Justin, you made your way into racing Supercross a little different than most. You got your start in Arenacross and then made your way into Supercross.
“Yeah, growing up in Iowa racing just seemed too far-fetched for me. There was never a Supercross even close, and guys like McGrath were dominating at the time. So it just seemed way too far-fetched. There was an Arenacross in Des Moines every year, and some of the locals that raced it and did fairly well. That was always kind of my dream to race the Des Moines Arenacross. I got that opportunity in 2002. It was my first pro race, and I actually did really well. I almost won of Friday night. So it was kind of an under-the-radar thing; no one really knew who I was. I was on bone-stock bikes and there just to have fun. So that’s what kind of launched my career into Arenacross. So I rode that for three years, and met some really great people. Buddy Antunez and Brad Hagseth were my teammates. Buddy got me on with Factory Connection Honda, and Hagseth is just a great mentor. Those guys really taught me a lot of things. Then I got a ride with MotoWorld to race Arenacross, and then the next year Supercross. And here I am, racing for Joe Gibbs Racing.”
What is it like racing for a team that is tied into the Joe Gibbs Empire? Your team has so many resources it seems like you guys are another factory team.
“I would say it’s every bit as good as a factory team, if not better. We definitely have more resources than a factory motorcycle team with their NASCAR side of things and the just the people around you. Joe Gibbs always says that you win with people. He’s hired a bunch of great people. His son Coy is the owner of the motocross side, and he’s been great to me. He’s surrounded me with a bunch of great guys and a great motorcycle. We have a lot of fun during the week in North Carolina, and now it’s time to get some results. I’ve got some top fives, but it’s time to get on the podium.”
Justin Brayton feels that his team has given him all the tools he need to win and plans to make good on JGR’s hard work.
We talked to your team manager, J-Bone a couple of weeks ago, and he said you are a definite top five guy this year. He said that it’s just about getting you to believe you are one of the guys that can win.
“I think I’m just as fast. I prove it week after week. You just have to prove it to yourself in the race. Twenty laps is a totally different ballgame than doing one fast lap time. For me it’s just been preparation during the week, but we had some ups and downs with getting the bikes late and things like that. So now I’m on track. I had I minor setback in Daytona; I kind of injured my thumb. Now we’re going the right direction for sure. It’s my first year with Joe Gibbs Racing and my first year in the 450 class, a lot of new things. It’s a lot to get used to, and I put the most pressure on myself to be on the podium for these guys. It’s time, no excuses. I have the bike to do it; I’m in great shape. From here on out, I’ll be bummed if I’m not in the top three.”

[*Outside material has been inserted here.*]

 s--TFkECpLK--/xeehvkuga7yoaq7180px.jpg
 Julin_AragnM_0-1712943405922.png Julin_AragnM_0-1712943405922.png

How is your thumb doing? You injured it in Daytona, and that is the only round you haven’t finished in the top ten.
“Yeah, we had some trouble there. I went over the bars and tweaked my thumb pretty good. I didn’t get a chance to ride that week, and I was really questionable for Toronto because it actually hurt so bad. Everyone is riding in some type of pain, but to ride with a thumb injury is really tough to grip the handlebars. If you can’t grip it there is no sense of you being out there. It was just a last minute decision to race. We made some adjustments to my grip cutting some things out to able to hold on. It was just kind of survival, but this past week I got to ride. The thumb loosened up quite a bit, so I’m feeling good her in Dallas.”

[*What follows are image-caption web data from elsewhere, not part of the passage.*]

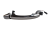 DSC_0002 (18).png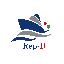 リプディー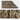 Camo Netting for Hunting Blind - Bassdash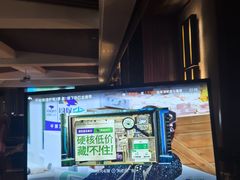 -手佳·水疗汇(嘉益店)
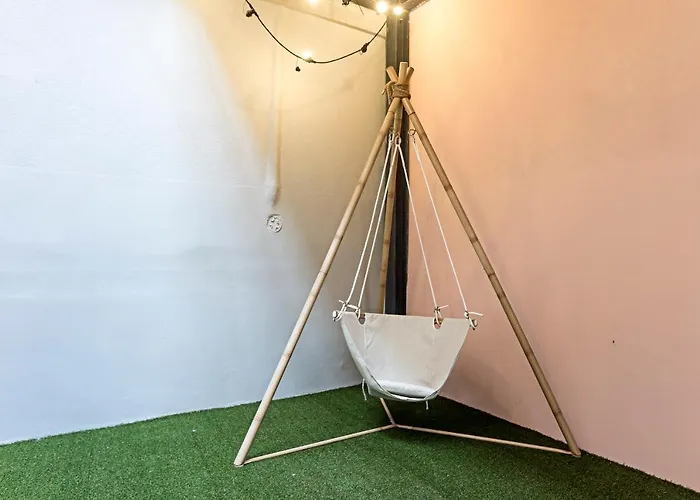 Casinha Da Formosa By Soul Oporto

What about the outdoor season coming up; are you looking forward to that?
“I’m definitely looking forward to it. I really want to finish the Supercross season strong. We’ve done a lot of hard work to get me to the top five or top three in the series, and we are just off of that. I’ve had a couple of bad races lately. We’re looking to rebound, and finish off with some good races. I really enjoy the outdoors. I won a moto at Steel City last year. I am looking forward to having my teammate Josh back, and doing well outdoors.”
So how did it feel to become King of Bercy?
“That was an amazing accomplishment. I used to read about McGrath, Emig and Jean Michelle Bayle winning it, and it was great to win it. This was my fourth year over there, and I always looked up to Reed, winning it a couple of times. It’s just a great honor, you know? If you look at the list of Bercy winners, and for my name to be on it is a great sense of accomplishment. I really enjoy the French fans over there; they go all out for us Americans. It’s a really cool atmosphere, and I really enjoy it.”
Quite a few industry insiders are saying you’re one of the few to watch, that you are on the short list of guys that can win a championship in the upcoming years. How does that make you feel?
“It’s funny to say, but I believe that myself. For me to come from where I was to get this far, why not just take it one step further. I’m just one step away from being a champion and winning races consistently. I’m never going to give up. Like I said, I’ve come along way, and to have this backing now from the best team I’ve been on. I’ve only gone forward in my career, and I don’t plan on going backwards anytime soon. I’m excited for the future.”